Die bloße Forderung nach einer Erhöhung fasst also das Problem zu kurz, eine Zustimmung ist deshalb pauschal so nicht möglich. Wir wollen bei einer Anpassung der Regelsätze auf die Lebenswirklichkeit abstellen. Außerdem darf es im Rahmen der Anpassung der Regelsätze nicht dazu kommen, dass Arbeitsanreize und damit die Initiative „Hilfe zur Selbsthilfe“ verloren gehen. Weitere Forderungen sieht die Landesregierung, auch grundsätzlich einen Antrag im Bundesrat zu stellen, wo noch gar kein konkreter Gesetzesvorschlag vorliegt. Wegen der nach ihrer Auffassung für Familien zu erwartenden Veränderungen, gerade eine Erhöhung der Zahl der Wohngeldempfänger, was durchaus hier nicht schlüssig ist, wenn Sie sagen, es wird zu einer Mehrbelastung bei den Heizkosten kommen, dann können wir darüber reden.
Nun zum Dritten: Ich denke, wir brauchen kein weiteres Konzept. Der Wirtschaftsminister hat eine Reihe konkreter Projekte eingeleitet. Wir brauchen kein Konzept, weil wir die Position vertreten, die Schaffung von Arbeitsplätzen im ersten Arbeitsmarkt hat Vorrang. Wir wollen auch Erwerbsbiografien für unsere Kinder schaffen, indem wir das Landesarbeitsprogramm stärken und die Bürgerarbeit. Wir wollen die Verbesserung der Vernetzung herbeiführen von vorhandenen Strukturen und Ressourcen; dazu gehören ARGEn, Kommunen, Kammern oder Verbände. Und wir wollen zur Sicherung vor allen Dingen dort eines gewährleisten, Hilfe zur Selbsthilfe, und keine neuen Strukturen schaffen.
Meine Damen und Herren, wir lehnen deshalb diesen Antrag ab. Alternativ legen wir einen neuen Antrag vor mit dem Ziel, die Situation von Kindern weiter zu verbessern und finanzielle Belastungen auf unseren Landeshaushalt oder die kommunalen Haushalte zu verhindern. Es muss darum gehen, Familien und Kinder zu stärken; insbesondere im Bereich der Bildung und Erziehung sind hier Anreize zu setzen und eben dies steht auch im Einklang mit der Grundidee des Sparpakets. Wir wollen nämlich auch Bildung fördern. Dies ist ein großes finanzielles Paket, das gemeinsam mit den Ländern auf den Weg gebracht werden soll.

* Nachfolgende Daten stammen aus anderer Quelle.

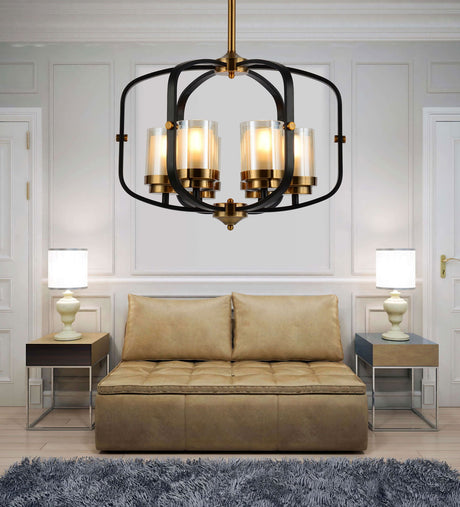 LAMPA WISZĄCA LOFT CZARNO-MOSIĘŻNA BONTON W6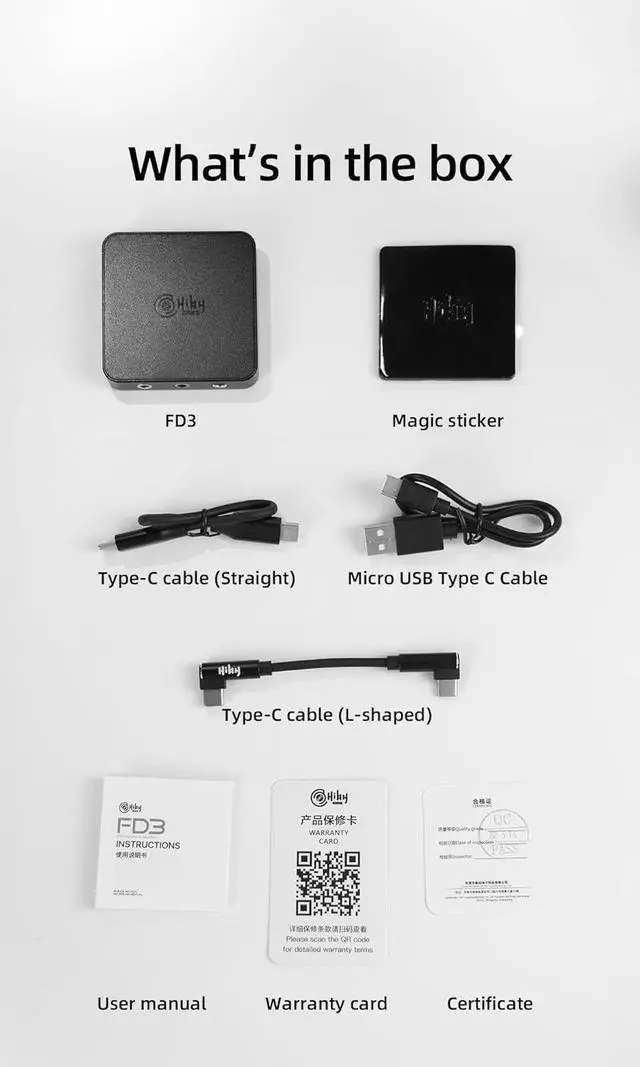 Alt view image 7 of 7 - HiBy FD3 USB DAC, Headphone Amp with 4.4mm+2.5mm+3.5mm Port/Metal Body/Interchangeable Cable
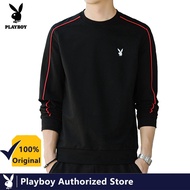 ❉♙ PLAYBOY เสื้อกันหนาวแฟชั่นสไตล์เกาหลีเสื้อสเวตเตอร์คอกลมแขนยาวทรงหลวมสำหรับนักเรียนผู้ชาย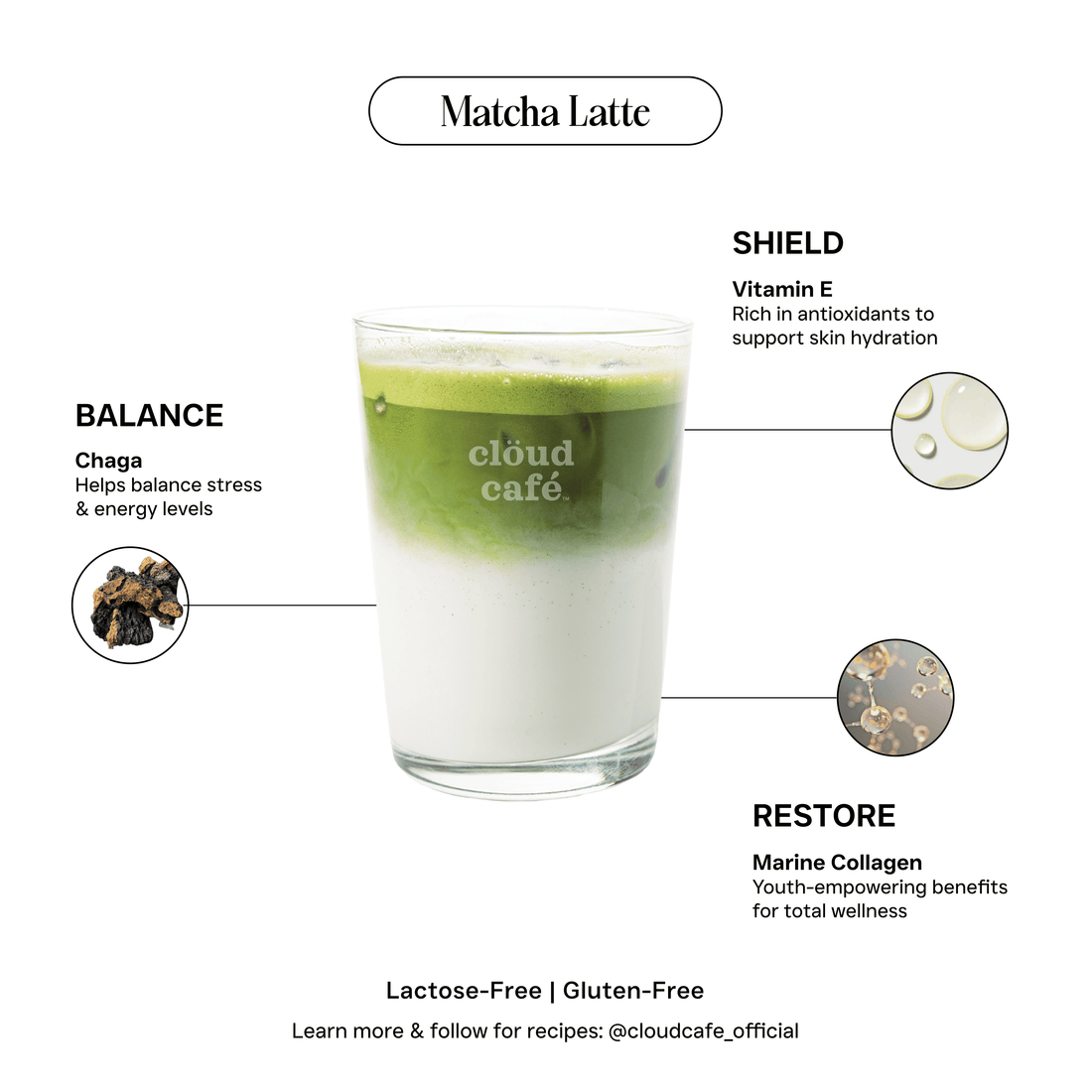 clöud café matcha latte benefits: chaga, vitamin e, and restore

Meine Damen und Herren, es geht uns darum, wirklich Familien zu stärken durch bessere Einkommenssituationen; dafür muss eine gesunde Wirtschaft hier florieren. Die Frau Ministerin hat sehr umfangreich darüber berichtet. Vielen Dank für den Bericht. Es waren sehr viele Maßnahmen, die vor allem die Landesregierung eingeleitet hat. Meine Damen und Herren, ich bitte deshalb um Zustimmung zu unserem Antrag. Wir lehnen den Antrag der LINKEN ab.
Vielen Dank, Herr Abgeordneter Gumprecht. Für die Fraktion BÜNDNIS 90/DIE GRÜNEN hat das Wort die Abgeordnete Siegesmund.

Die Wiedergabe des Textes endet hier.